Version: extract releases from sprints
Separation of Concerns
Working by the “scrum book”, sprint is also a release unit, in which you want to complete all the effort you committed to your clients and demonstrate it at the end of the sprint. Well, not in my book. Sprint should be remained an internal unit of time. Sprint is used for planning, for doing and for reflection, to make the team work better over time. It doesn’t mean that your customers will enjoy adjusting to your schedule.
I prefer to leave release cycles outside, as they are external unit of time. You need to adjust them to your customers, not the other way around.
Let’s say that you picked 3 weeks as a sprint size after considering “big enough, small enough” values. If you tie sprint and release together, that means that your clients will see things every 3 weeks. That might be fine, but it won’t allow you to challenge yourself to reduce release cycles. Even worst, the customers might demand a shorter release cycle to earn confidence in your delivery. A dangerous move, in my opinion, is to reduce the sprint size to match desired release cycle. This move might violate the “sprint should be big enough to avoid unacceptable overhead of planning/reflection” principle. Yes, your customers will be happy but your developers won’t. It won’t last. You want both internal team and external customers to be happy and enjoy a process that pushes them forward rather than pushes them around.
What is a Version?
Version is just a bunch of capabilities with a specific target date attached to it. Version is easy to communicate out: “we plan to allow a user to upload image, crop it and update his profile image in version 1.1, which is targeted to July 20th”. Basically, for each targeted date you specify a list of features, enhancements, reports etc. The customers gets to say when the versions should be aimed for, according to their needs.

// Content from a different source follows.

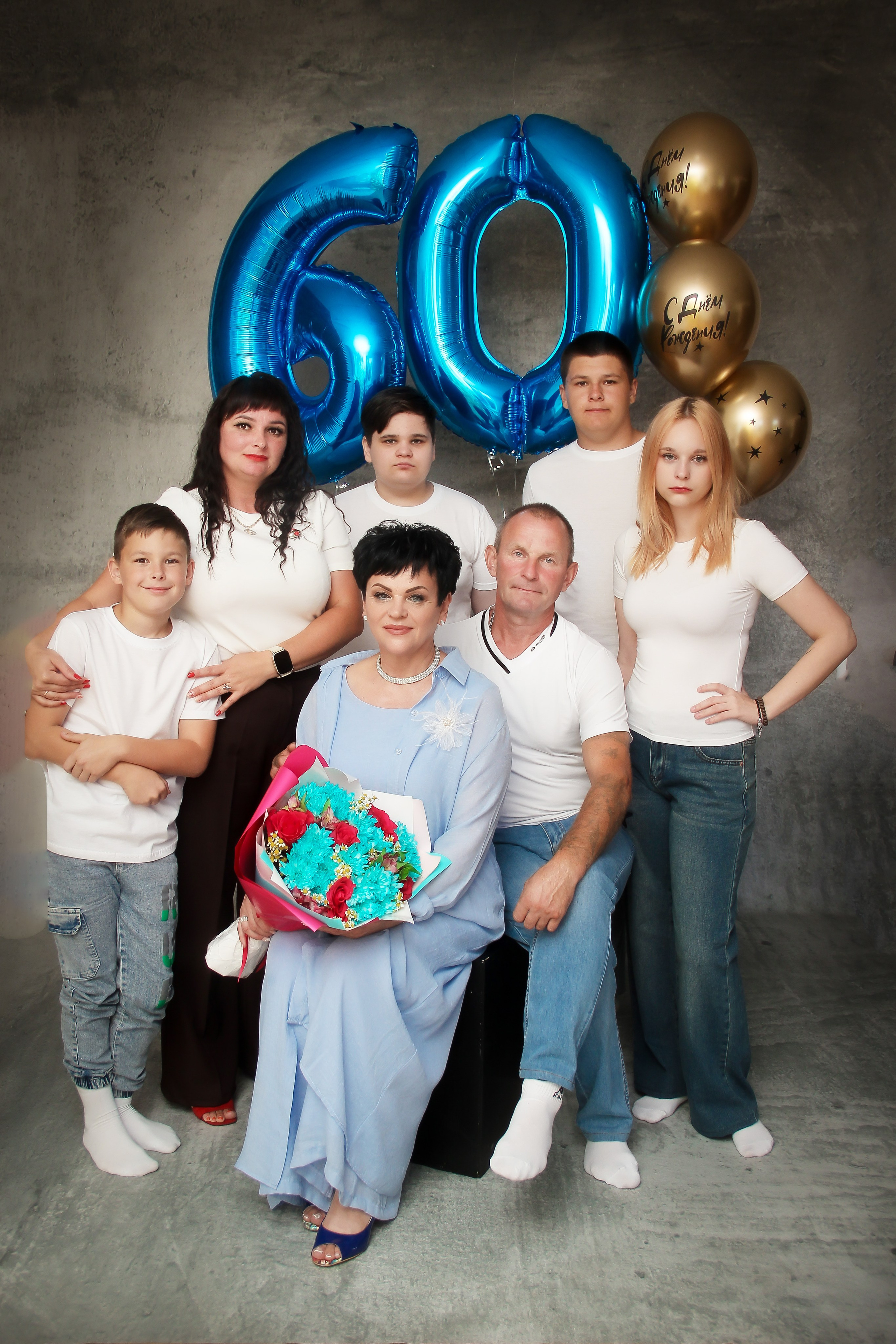 Семейные фотосессии студийные; новогодние, тематические, домашние и тд. Выпускные альбомы для школ и Детских садов в Барнауле /Выпускные/Свадебные/Детские/Семейные и др. виды съёмок /Фотограф Вера Валейко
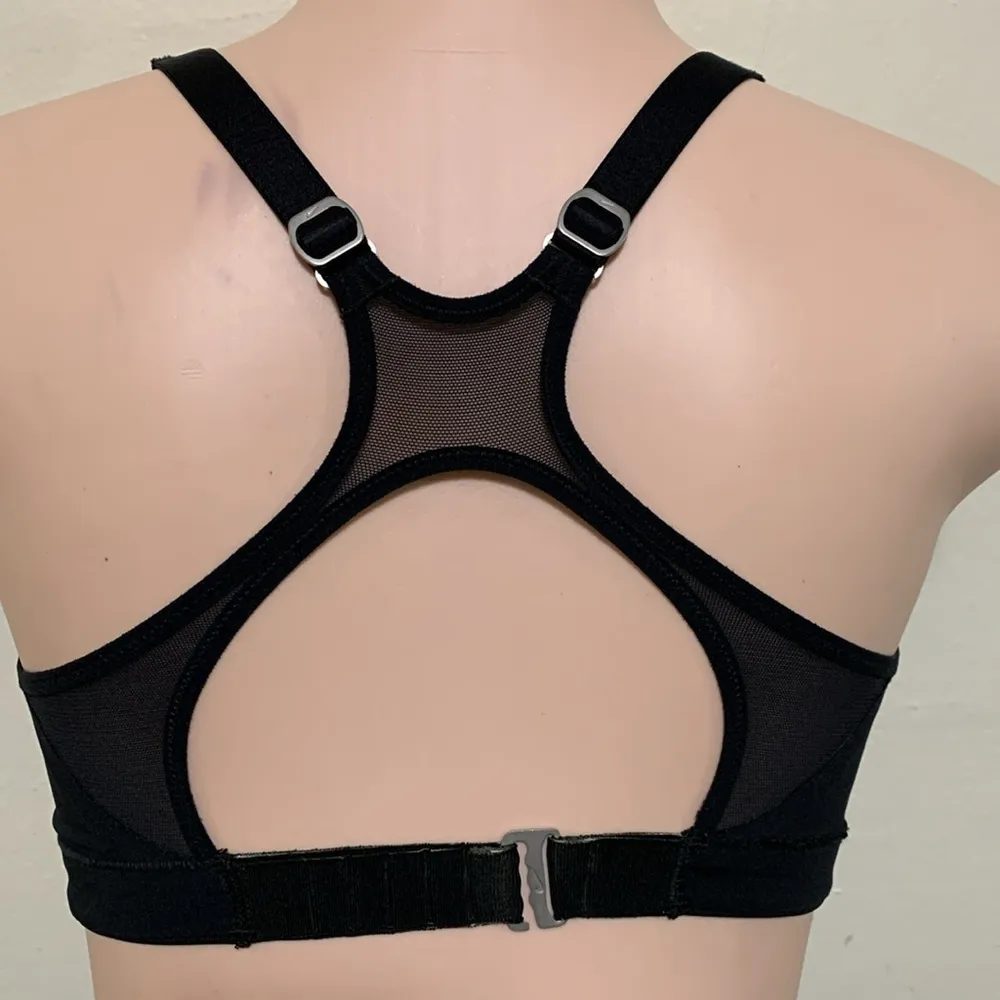 Nike Dri-Fit woman yoga strap sport bra size XS look at all pics black - Image 4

What does it mean about Sprint Demo then?
Well, if the release cycles are shorter than sprint cycles then the Sprint Demo will become a show off by the team to each other rather to your customers. Obviously, you may want to add another “Release Demo” meeting for your customers (and maybe include the team in it). By doing Sprint Demo internally, the teams will get the chance to see what’s going on “on the other side of the corridor”. Oh, did I mention that this is also fun? It allows the organization to collect valuable internal feedback to make sure our users will love our product as much people who wrote it!